Lonestar (Starring Nabihah Fahmi)
The night starts out strong with a striking performance about the woes of an aspiring artist in a cold world. The spotlight opens on our main character as a ten year old girl musing over her many aspirations. “I want to be.. An actress!” she exclaims in a convincingly high-pitched voice as the other actors strike debonair poses.
However, the play takes a darker turn once she settles on becoming a singer. (“A singa? HAHAHA RAWWWR” is the encouraging response from her friends). The woes don’t stop there. Faced with repeated failures and a condescending “you’d do better in another field” talk, our main character finally makes it to fame. Except ‘making it’ just means a new group of people is mean to her (“It’s called a salad!”). (The message of this first skit is actually quite disheartening!). To drive the message home, she manages to dig deep and give a powerful performance of “Never Enough” to signify how unfulfilling chasing her dream has been.
Zapin Yaladan (Choreographed by Adam Masashi and Lydaty Stephenie)
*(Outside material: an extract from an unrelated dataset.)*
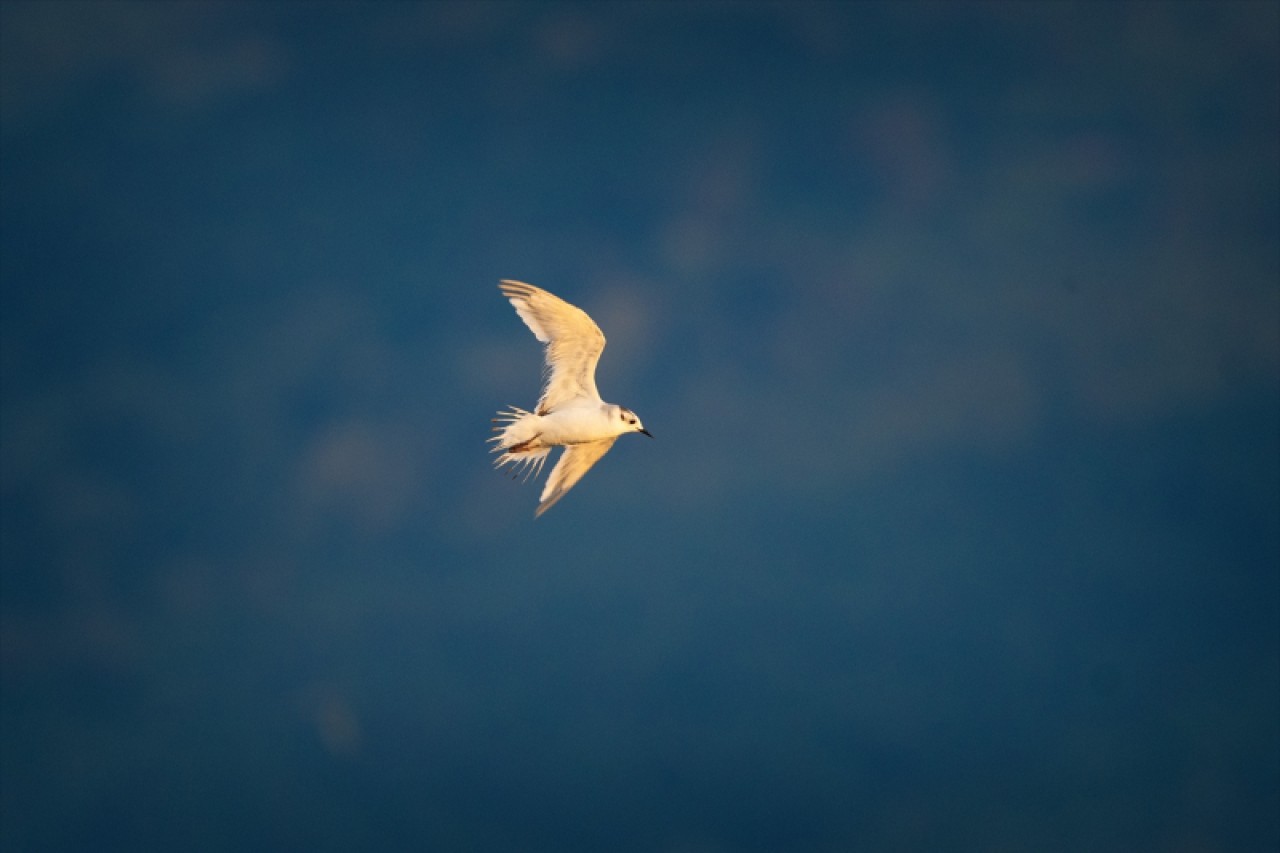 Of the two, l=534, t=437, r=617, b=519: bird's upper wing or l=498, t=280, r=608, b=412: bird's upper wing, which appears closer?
l=498, t=280, r=608, b=412: bird's upper wing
The transition from the previous play is so sudden, you wonder if this is some sort of intermission for the actress to change her outfit or set the scene or something. Nope, this is just the next skit. The dance is certainly well-choreographed but with only 7 weeks to practice and no prior experience, the amatuer dancers do not bring the grace and poise you’d hope to see from this traditional Malay performance.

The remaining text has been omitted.